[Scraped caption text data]
•••••

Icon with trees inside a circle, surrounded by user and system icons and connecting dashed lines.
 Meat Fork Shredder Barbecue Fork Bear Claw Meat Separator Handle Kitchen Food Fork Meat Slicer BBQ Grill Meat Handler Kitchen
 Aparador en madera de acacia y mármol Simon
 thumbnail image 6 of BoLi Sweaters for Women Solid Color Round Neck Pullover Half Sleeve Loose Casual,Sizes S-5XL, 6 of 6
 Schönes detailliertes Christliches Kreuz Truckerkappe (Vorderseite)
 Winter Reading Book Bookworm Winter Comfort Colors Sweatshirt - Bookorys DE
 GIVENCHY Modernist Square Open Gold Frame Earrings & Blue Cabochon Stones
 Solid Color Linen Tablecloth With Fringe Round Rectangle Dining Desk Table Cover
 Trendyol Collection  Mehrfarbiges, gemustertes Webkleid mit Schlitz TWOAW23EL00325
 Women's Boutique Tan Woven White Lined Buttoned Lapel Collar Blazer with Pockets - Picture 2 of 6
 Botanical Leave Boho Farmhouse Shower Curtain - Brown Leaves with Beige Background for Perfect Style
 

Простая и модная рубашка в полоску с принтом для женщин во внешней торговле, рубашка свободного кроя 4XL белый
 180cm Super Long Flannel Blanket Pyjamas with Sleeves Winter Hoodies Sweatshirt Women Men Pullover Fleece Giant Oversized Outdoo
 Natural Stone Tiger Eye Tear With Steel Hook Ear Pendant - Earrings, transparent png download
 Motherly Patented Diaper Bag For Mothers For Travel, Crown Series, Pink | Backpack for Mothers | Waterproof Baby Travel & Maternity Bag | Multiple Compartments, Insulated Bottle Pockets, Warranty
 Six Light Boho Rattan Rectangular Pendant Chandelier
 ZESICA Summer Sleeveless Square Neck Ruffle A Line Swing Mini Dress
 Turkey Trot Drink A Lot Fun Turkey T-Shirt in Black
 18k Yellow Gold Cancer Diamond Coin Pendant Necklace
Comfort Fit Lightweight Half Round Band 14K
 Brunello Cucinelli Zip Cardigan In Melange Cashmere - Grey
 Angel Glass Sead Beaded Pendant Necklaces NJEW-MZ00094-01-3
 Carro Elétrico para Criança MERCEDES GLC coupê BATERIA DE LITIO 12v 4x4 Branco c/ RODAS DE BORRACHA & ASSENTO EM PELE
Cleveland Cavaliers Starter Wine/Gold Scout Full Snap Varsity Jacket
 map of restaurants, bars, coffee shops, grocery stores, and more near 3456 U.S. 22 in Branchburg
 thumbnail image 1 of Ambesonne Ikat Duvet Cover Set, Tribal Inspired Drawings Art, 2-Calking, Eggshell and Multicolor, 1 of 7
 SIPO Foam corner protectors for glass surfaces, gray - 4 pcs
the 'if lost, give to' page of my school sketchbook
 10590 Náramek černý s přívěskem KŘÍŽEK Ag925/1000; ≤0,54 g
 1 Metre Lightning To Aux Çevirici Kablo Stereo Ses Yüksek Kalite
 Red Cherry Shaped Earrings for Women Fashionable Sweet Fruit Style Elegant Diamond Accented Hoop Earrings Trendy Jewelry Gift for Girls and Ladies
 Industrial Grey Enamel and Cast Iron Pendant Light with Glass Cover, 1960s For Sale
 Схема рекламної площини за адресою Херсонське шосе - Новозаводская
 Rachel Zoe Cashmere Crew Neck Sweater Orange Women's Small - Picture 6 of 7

•••••

What the exercise asks = The whole set of records needs to be written out exactly.

Exercise output =
Icon with trees inside a circle, surrounded by user and system icons and connecting dashed lines.
 Meat Fork Shredder Barbecue Fork Bear Claw Meat Separator Handle Kitchen Food Fork Meat Slicer BBQ Grill Meat Handler Kitchen
 Aparador en madera de acacia y mármol Simon
 thumbnail image 6 of BoLi Sweaters for Women Solid Color Round Neck Pullover Half Sleeve Loose Casual,Sizes S-5XL, 6 of 6
 Schönes detailliertes Christliches Kreuz Truckerkappe (Vorderseite)
 Winter Reading Book Bookworm Winter Comfort Colors Sweatshirt - Bookorys DE
 GIVENCHY Modernist Square Open Gold Frame Earrings & Blue Cabochon Stones
 Solid Color Linen Tablecloth With Fringe Round Rectangle Dining Desk Table Cover
 Trendyol Collection  Mehrfarbiges, gemustertes Webkleid mit Schlitz TWOAW23EL00325
 Women's Boutique Tan Woven White Lined Buttoned Lapel Collar Blazer with Pockets - Picture 2 of 6
 Botanical Leave Boho Farmhouse Shower Curtain - Brown Leaves with Beige Background for Perfect Style
 

Простая и модная рубашка в полоску с принтом для женщин во внешней торговле, рубашка свободного кроя 4XL белый
 180cm Super Long Flannel Blanket Pyjamas with Sleeves Winter Hoodies Sweatshirt Women Men Pullover Fleece Giant Oversized Outdoo
 Natural Stone Tiger Eye Tear With Steel Hook Ear Pendant - Earrings, transparent png download
 Motherly Patented Diaper Bag For Mothers For Travel, Crown Series, Pink | Backpack for Mothers | Waterproof Baby Travel & Maternity Bag | Multiple Compartments, Insulated Bottle Pockets, Warranty
 Six Light Boho Rattan Rectangular Pendant Chandelier
 ZESICA Summer Sleeveless Square Neck Ruffle A Line Swing Mini Dress
 Turkey Trot Drink A Lot Fun Turkey T-Shirt in Black
 18k Yellow Gold Cancer Diamond Coin Pendant Necklace
Comfort Fit Lightweight Half Round Band 14K
 Brunello Cucinelli Zip Cardigan In Melange Cashmere - Grey
 Angel Glass Sead Beaded Pendant Necklaces NJEW-MZ00094-01-3
 Carro Elétrico para Criança MERCEDES GLC coupê BATERIA DE LITIO 12v 4x4 Branco c/ RODAS DE BORRACHA & ASSENTO EM PELE
Cleveland Cavaliers Starter Wine/Gold Scout Full Snap Varsity Jacket
 map of restaurants, bars, coffee shops, grocery stores, and more near 3456 U.S. 22 in Branchburg
 thumbnail image 1 of Ambesonne Ikat Duvet Cover Set, Tribal Inspired Drawings Art, 2-Calking, Eggshell and Multicolor, 1 of 7
 SIPO Foam corner protectors for glass surfaces, gray - 4 pcs
the 'if lost, give to' page of my school sketchbook
 10590 Náramek černý s přívěskem KŘÍŽEK Ag925/1000; ≤0,54 g
 1 Metre Lightning To Aux Çevirici Kablo Stereo Ses Yüksek Kalite
 Red Cherry Shaped Earrings for Women Fashionable Sweet Fruit Style Elegant Diamond Accented Hoop Earrings Trendy Jewelry Gift for Girls and Ladies
 Industrial Grey Enamel and Cast Iron Pendant Light with Glass Cover, 1960s For Sale
 Схема рекламної площини за адресою Херсонське шосе - Новозаводская
 Rachel Zoe Cashmere Crew Neck Sweater Orange Women's Small - Picture 6 of 7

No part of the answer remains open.